The notable difference between Honey, I Shrunk the Kids and the other abovementioned giant-sized backyard adventure projects is that here the idea has been cast with kids and played for light fantasy. This brings it more in line with films of the 1980s such as Back to the Future (1985), Fright Night (1985) and Explorers (1985), which tamed science-fiction/fantasy themes for the Me Generation.

Honey, I Shrunk the Kids is less a survivalist adventure as the abovementioned backyard adventures were intended, than it is one pitched to suburban middle-class kids of the Baby Boomer generation. There is a certain narcissism of these adventures, which are capable of stretching out through the universe, history and the afterlife, yet invariably end up returning to suburbia and junk culture. As one of the kids here comments in regard to the urgency of their plight: “I’ve got six hours to get home and get to the mall.”
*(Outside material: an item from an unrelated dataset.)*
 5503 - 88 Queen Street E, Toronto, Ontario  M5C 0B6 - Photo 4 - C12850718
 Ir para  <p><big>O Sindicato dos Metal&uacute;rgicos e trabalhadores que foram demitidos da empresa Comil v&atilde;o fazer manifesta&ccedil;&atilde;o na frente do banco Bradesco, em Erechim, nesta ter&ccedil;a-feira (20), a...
The kids and ant in Honey, I Shrunk the Kids (1989)
The kids befriend an ant

There were two inferior sequels Honey I Blew Up the Kid (1992) and Honey, We Shrunk Ourselves! (1997), both featuring Rick Moranis. These was followed by a terrible tv series Honey I Shrunk the Kids (1997).

Joe Johnston went onto a strong career as a genre director, directing the rocket-backpack superhero film Rocketeer (1991), the live-action sequences on The Pagemaster (1994), the children’s film Jumanji (1995), Jurassic Park III (2001), the remake of The Wolfman (2010), the Marvel Comics adaptation Captain America: The First Avenger (2011) and The Nutcracker and the Four Realms (2018). All of Johnston’s films have a strong effects focus. His non-genre films to date are October Sky (1999), Hidalgo (2004) and Not Safe for Work (2014).